Cache expression results

This tutorial demonstrates Xorq’s caching with runnable code examples. You’ll execute the same query twice and observe the performance difference between cached and uncached execution.

You’ll learn how to add .cache() to expressions and understand when Xorq reuses cached results.

Why caching matters

Running the same query twice shouldn’t mean doing the work twice. Xorq caches expression results so repeated queries return instantly from the cache instead of recomputing.

Caching provides the biggest benefit for expensive operations:

Loading large datasets from remote databases
Training machine learning models
Calling external APIs
Running complex aggregations

Tip

Xorq uses content-addressed hashing to determine if an expression matches cached results. Xorq generates a hash from your expression structure. Identical expressions produce identical hashes, triggering a cache hit.

How to follow along

Each code example includes complete setup, so you can run any section independently. For best learning, run them in sequence.

Run the code using:

Python interactive shell: Open a terminal, run python, copy and paste each code block
Jupyter notebook: Run each code block in a separate cell
Python script: Copy code blocks into a .py file and run with python script.py

Set up caching

You’ll start by connecting to a backend and setting up a cache storage location.

import xorq.api as xo
from xorq.caching import SourceCache


con = xo.connect()


storage = SourceCache.from_kwargs(source=con)

print(f"Connected to: {con}")
print(f"Cache storage ready!")

1: Connect to the embedded backend where cached data is stored.
2: Create a SourceCache object that manages the cache.

SourceCache stores cached results as tables in your backend using create_table(). This works with any backend that supports table creation like embedded, DuckDB, pandas, PostgreSQL, Snowflake, and more.

Cache your first expression

Now you’ll build an expression and add caching to it.

import xorq.api as xo
from xorq.caching import SourceCache

# Setup (from previous step)
con = xo.connect()
storage = SourceCache.from_kwargs(source=con)


iris = xo.examples.iris.fetch(backend=con)


cached_expr = (
    iris
    .filter(xo._.sepal_length > 6)
    .cache(cache=storage)
)

print(f"Expression with caching: {type(cached_expr)}")

1: Load the iris dataset.
2: Build a filter expression.
3: Add caching with .cache(cache=storage).

The .cache() method tells Xorq to store results from this expression.
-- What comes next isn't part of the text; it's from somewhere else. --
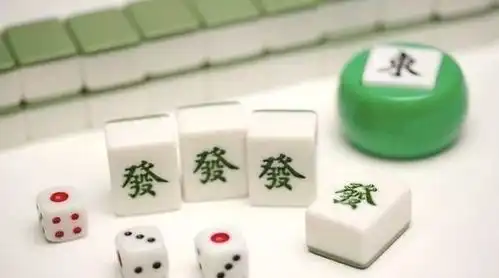 来一盘河南麻将打麻将口诀,学会三招包你逢麻必胜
On the first run, Xorq computes and caches the results. On subsequent runs, it retrieves them directly from cache.

Observe cache miss

You’ll execute the expression for the first time. This will be a cache miss because no cached results exist yet.

import xorq.api as xo
import time
from xorq.caching import SourceCache

# Setup (from previous steps)
con = xo.connect()
storage = SourceCache.from_kwargs(source=con)
iris = xo.examples.iris.fetch(backend=con)
cached_expr = (
    iris
    .filter(xo._.sepal_length > 6)
    .cache(cache=storage)
)


print("First execution (cache miss)...")
start = time.time()


result1 = cached_expr.execute()


elapsed = time.time() - start
print(f"✗ Cache miss: computed in {elapsed:.4f} seconds")
print(f"Result shape: {result1.shape}")
print(f"\nFirst few rows:")
print(result1.head(3))

1: Start timing the execution.
2: Execute the expression, triggers computation and caching.
3: Print how long it took.

Since this is the first run, Xorq computed the filter operation and stored the results in cache.

Observe cache hit

Now you can run the same expression again. This time you’ll see a cache hit.

import xorq.api as xo
import time
from xorq.caching import SourceCache

# Setup (from previous steps)
con = xo.connect()
storage = SourceCache.from_kwargs(source=con)
iris = xo.examples.iris.fetch(backend=con)
cached_expr = (
    iris
    .filter(xo._.sepal_length > 6)
    .cache(cache=storage)
)
result1 = cached_expr.execute()  # From previous step


print("\nSecond execution (cache hit)...")
start = time.time()


result2 = cached_expr.execute()


elapsed = time.time() - start
print(f"✓ Cache hit: returned in {elapsed:.4f} seconds")
print(f"Results match: {result1.equals(result2)}")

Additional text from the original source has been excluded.